Christoph Kern, Yan Li, Lingxiao Wang
Boosted Kernel Weighting - Using Statistical Learning to Improve Inference From Nonprobability Samples

Journal of Survey Statistics and Methodology, 2021: 9, issue 5, pp. 1088–1113
ISSN: 2325-0984 (print), 2325-0992 (online)

Given the growing popularity of nonprobability samples as a cost- and time-efficient alternative to probability sampling, a variety of adjustment approaches have been proposed to correct for self-selection bias in nonrandom samples. Popular methods such as inverse propensity-score weighting (IPSW) and propensity-score (PS) adjustment by subclassification (PSAS) utilize a probability sample as a reference to estimate pseudo-weights for the nonprobability sample based on PSs. A recent contribution, kernel weighting (KW), has been shown to be able to improve over IPSW and PSAS with respect to mean squared error. However, the effectiveness of these methods for reducing bias critically depends on the ability of the underlying propensity model to reflect the true (self-)selection process, which is a challenging task with parametric regression.

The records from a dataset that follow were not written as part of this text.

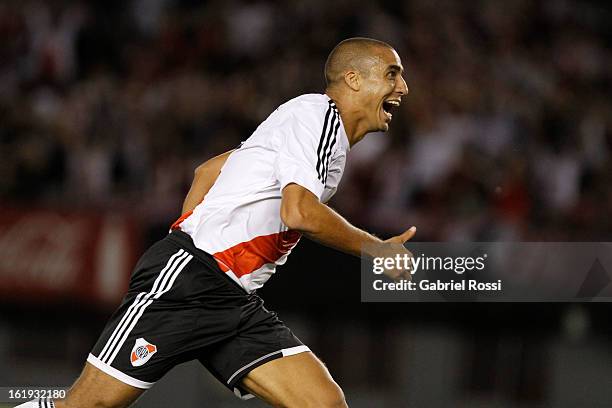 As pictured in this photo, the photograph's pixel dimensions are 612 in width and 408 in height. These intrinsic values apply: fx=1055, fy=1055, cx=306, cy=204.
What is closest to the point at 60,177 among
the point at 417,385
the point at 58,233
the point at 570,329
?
the point at 58,233

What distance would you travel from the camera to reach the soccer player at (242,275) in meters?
4.15

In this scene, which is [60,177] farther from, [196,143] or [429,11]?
[429,11]

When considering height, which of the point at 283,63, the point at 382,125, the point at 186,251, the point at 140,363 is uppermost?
the point at 283,63

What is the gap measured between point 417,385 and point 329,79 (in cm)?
315

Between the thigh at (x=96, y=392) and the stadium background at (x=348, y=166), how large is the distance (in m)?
2.83

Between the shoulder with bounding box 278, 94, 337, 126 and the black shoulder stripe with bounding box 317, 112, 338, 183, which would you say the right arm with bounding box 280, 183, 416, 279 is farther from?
the shoulder with bounding box 278, 94, 337, 126

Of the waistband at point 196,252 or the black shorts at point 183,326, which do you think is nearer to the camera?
the black shorts at point 183,326

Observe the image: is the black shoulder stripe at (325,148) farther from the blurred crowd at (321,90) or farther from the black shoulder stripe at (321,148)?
the blurred crowd at (321,90)

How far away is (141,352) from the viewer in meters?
4.18

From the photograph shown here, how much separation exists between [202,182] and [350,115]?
786mm

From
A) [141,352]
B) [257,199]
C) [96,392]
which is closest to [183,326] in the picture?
[141,352]

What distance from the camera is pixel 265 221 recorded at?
14.0 ft

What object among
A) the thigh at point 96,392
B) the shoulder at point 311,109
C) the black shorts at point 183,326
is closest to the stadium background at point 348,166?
the black shorts at point 183,326

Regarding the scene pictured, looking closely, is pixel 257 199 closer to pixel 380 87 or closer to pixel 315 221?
pixel 315 221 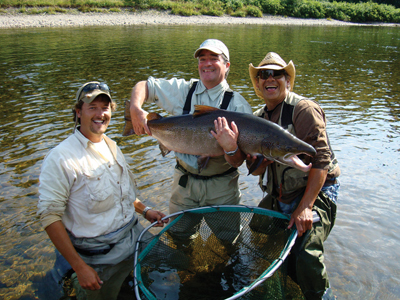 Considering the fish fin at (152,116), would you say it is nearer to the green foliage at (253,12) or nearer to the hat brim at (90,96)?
the hat brim at (90,96)

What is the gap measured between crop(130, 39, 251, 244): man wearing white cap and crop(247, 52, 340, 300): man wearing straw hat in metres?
0.37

In this study, we propose a set of pseudo-weights construction methods, KW-ML, utilizing both machine learning (ML) methods (to estimate PSs) and KW (to construct pseudo-weights based on the ML-estimated PSs), which provides added flexibility over logistic regression-based methods. We compare the proposed KW-ML pseudo-weights that are based on model-based recursive partitioning, conditional random forests, gradient tree boosting, and model-based boosting, with KW pseudo-weights based on parametric logistic regression in population mean estimation via simulations and a real data example. Our results indicate that particularly boosting methods represent promising alternatives to logistic regression and result in KW estimates with lower bias in a variety of settings, without increasing variance.